The Trump administration has pressed to reopen meatpacking plants after a series of shutdowns due to the pandemic dramatically reduced slaughter capacity, sending pork and beef prices surging while farmers with no place to sell hogs began culling herds at huge financial losses.

More than half of workers at some American meat processing facilities tested positive for the virus. At least 30 meatpacking workers have died of coronavirus and more than 10,000 have been infected or exposed, according to the United Food and Commercial Workers International Union, which represents food processing workers.

At least 30 meatpacking plants have closed at some point in the past two months, according to the May 8 statement by the union.

Agriculture Secretary Sonny Perdue said Friday that 14 major meat processing facilities were reopening. The department asked all meat processors to come up with plans to meet safety guidelines for the industry released by the U.S. Centers for Disease Control and Prevention.

Putin’s spokesman gets virus as Russia rises to No. 2

With Russia overtaking Spain to record the world’s second-highest number of coronavirus infections, President Vladimir Putin’s spokesman became the latest top official to fall ill with the deadly disease.

Dmitry Peskov told Interfax on Tuesday he is receiving treatment for the virus. He joins Prime Minister Mikhail Mishustin and the country’s construction and culture ministers as diagnosed with COVID-19. Peskov, traditionally the official with the closest day-to-day access to Putin, said in a text message he last met the president in person over a month ago. Putin has been conducting government business mostly via video-conferences from his residence outside Moscow.

Putin on Monday announced an end to national stay-at-home restrictions but the move is unlikely to give businesses in the capital and other major cities a rapid boost.

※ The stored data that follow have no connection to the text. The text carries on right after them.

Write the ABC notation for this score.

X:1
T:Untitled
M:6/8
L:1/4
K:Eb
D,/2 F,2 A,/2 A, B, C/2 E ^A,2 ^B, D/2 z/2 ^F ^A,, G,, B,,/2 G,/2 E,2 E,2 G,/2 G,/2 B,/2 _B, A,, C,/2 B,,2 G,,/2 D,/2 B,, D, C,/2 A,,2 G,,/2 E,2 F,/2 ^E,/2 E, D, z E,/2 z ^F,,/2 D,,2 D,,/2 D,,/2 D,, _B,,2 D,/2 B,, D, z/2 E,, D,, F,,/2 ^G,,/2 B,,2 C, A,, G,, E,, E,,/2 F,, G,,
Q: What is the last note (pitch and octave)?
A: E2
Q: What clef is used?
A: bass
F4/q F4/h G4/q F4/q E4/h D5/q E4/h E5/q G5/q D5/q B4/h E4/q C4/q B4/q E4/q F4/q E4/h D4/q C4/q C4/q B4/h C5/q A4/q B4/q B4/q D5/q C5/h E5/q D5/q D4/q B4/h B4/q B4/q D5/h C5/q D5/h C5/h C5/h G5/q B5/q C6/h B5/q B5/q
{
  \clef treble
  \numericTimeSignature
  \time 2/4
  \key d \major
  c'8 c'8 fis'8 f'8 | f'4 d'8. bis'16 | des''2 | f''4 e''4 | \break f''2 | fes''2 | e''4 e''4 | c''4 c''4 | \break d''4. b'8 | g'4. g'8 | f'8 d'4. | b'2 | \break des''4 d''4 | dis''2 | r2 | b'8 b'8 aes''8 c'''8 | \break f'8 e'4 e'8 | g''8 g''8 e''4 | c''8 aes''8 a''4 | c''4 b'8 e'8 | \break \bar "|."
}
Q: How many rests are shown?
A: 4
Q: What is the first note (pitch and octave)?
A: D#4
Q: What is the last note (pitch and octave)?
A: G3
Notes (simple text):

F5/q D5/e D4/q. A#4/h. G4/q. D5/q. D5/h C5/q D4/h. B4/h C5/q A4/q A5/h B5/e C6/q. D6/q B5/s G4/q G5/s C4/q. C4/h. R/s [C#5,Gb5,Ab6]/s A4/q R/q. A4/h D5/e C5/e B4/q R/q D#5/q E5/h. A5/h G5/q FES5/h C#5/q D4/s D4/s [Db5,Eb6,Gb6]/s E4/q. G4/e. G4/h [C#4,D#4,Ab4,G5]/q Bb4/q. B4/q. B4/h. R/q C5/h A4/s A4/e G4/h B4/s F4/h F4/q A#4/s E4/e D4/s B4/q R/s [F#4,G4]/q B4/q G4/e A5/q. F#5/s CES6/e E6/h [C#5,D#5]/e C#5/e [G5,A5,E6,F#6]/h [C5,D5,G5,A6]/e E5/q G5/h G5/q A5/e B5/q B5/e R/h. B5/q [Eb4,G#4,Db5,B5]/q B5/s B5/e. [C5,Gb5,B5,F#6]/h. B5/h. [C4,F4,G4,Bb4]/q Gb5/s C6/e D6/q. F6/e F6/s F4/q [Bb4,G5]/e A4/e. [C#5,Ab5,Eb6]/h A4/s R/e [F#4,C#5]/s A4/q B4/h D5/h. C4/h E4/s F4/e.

In Moscow, business leaders see little chance of escaping restrictions that have hammered their activities. Mayor Sergei Sobyanin said last week that the measures must remain until at least May 31 because the pathogen is still spreading, Putin’s decision shifted responsibility to regional leaders for deciding the pace of easing, shielding him from potential criticism of those who maintain them.

Despite the lockdowns, Russia has reported at least 10,000 new daily infections for the past 10 days, lifting its total to 232,243 and second only to the U.S. At the same time, Russia has one of the world’s lowest mortality rates with COVID-19 listed as the cause of death in only 2,116 cases, leading critics to claim that the government is withholding data.